[comp.arch] Fujitsu SPARC Interlocks

aglew@mcdurb.Urbana.Gould.COM (02/06/89)

I thought this was worth noting in this newsgroup:

From Electronic Design, Dec 8, 1988 (paraphrased, without permission):

Fujitsu is implementing a SPARC chip with Harvard architecture,
split I and D buses, 64 bits wide bus (1 or 2? I dunno)

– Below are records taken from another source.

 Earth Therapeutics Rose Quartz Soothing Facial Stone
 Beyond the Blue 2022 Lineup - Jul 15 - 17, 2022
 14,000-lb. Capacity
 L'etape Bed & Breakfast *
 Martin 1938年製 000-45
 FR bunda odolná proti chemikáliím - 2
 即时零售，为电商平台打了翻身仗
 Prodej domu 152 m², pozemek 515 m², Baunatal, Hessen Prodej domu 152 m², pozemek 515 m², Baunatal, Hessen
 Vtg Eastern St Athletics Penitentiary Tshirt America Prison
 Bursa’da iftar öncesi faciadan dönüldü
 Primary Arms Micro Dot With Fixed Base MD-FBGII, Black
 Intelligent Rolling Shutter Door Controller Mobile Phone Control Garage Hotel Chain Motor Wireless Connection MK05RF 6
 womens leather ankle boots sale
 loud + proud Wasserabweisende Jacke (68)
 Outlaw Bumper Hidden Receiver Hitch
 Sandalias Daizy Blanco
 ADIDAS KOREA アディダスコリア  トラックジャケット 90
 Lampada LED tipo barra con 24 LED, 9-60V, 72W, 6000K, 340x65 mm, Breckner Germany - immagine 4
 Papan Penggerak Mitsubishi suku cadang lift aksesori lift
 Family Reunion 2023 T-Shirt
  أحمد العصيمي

--> Pipeline interlocks in the chip's circuits eliminate timing
--> problems that might result when software written for earlier
--> Sparc CPUs is running.

---

In case you haven't guessed, one of my pet peeves is people who say
that interlocks are no longer necessary because the compiler
will handle them.
    Until the advent of binary compilers for ABIs, interlocks
will be necessary. No two implementations of the same device
will have the same timings.

So, the question becomes: WHAT interlocks are appropriate?
Delayed branches are a fairly common type of interlock avoidance
technique - but does the need to interlock on the second delay
slot, in the latest MIPS machines, cost any more than the lack
of need of an interlock in the first? (I suppose that the timing
is relaxed, but what about complexity).

Machine designers: which interlocks are the most complex, 
the most likely to be timing critical?

Compiler writers: which are the hardest interlocks to optimize around?

Performance Analysts: which interlocks are exercised most frequently?
What do they cost? (the MIPS pixie data has been useful here)

Technology prophets: what ways is the technology likely to go?
Longer or shorter branch delays? Memory latencies?

---

You don't want to paint yourself into a corner by not having interlocks,
then to find that this increases the complexity of a multiple 
issue implementation of your architecture.



Andy "Krazy" Glew   aglew@urbana.mcd.mot.com   uunet!uiucdcs!mcdurb!aglew
   Motorola Microcomputer Division, Champaign-Urbana Design Center
	   1101 E. University, Urbana, Illinois 61801, USA.
   
My opinions are my own, and are not the opinions of my employer, or
any other organisation. I indicate my company only so that the reader
may account for any possible bias I may have towards our products.

pohua@uicsgva.csg.uiuc.edu (02/10/89)

Is there a good algorithm for scheduling 'negative' dependencies
without backtracking, when delayed branch is used?

For example,
	A : 	r3 = r4 + r5
	B :	br (r1>9)

The operation A can be moved into operation B's delay slot space.
Thus, the dependence graph constructed from the above code will
indicate a 'negative' control-dependence distance from A to B.

Many interesting deterministic scheduling schemes which I have read
about model a program by its dependence graph. Then the interlocking
problem is transformed into one which finds correct initiation times
for all the operations. Because all types of dependencies (data/control/...)
can be expressed as some inequality equations, I don't think any
one of these dependencies is more difficult than others to be handled.

Of course, the scheduling problem is made more difficult by
adding resource constraints and increasing pipeline length.
But I still believe that software interlocking is a feasible approach.

pohua

aglew@mcdurb.Urbana.Gould.COM (02/11/89)

Don't get me wrong - I think that SW interlocking is a perfectly valid
approach for compilers and architectures.

Commercially, however, it suffers the problem that two implementations
of the same instruction set might have different needs for interlocking.
So, either software handles the worst case interlocking for both
architectures, or you have hardware interlocking in one of them,
or you require recompilation or binary transaltion to move between the
implementations.
    Neither of recompilation or binary translation is commercially practical
at the moment, and I'd guess not for the next few years, so I'd like to
look at points in the spectrum lying between

    TOTALLY HARDWARE INTERLOCKED
    ...
    Some HW I'L, some SW I'L
    ...
    TOTALLY SOFTWARE INTERLOCKED

ON the mixed points you have options like Cydra's
memory latency register, etc.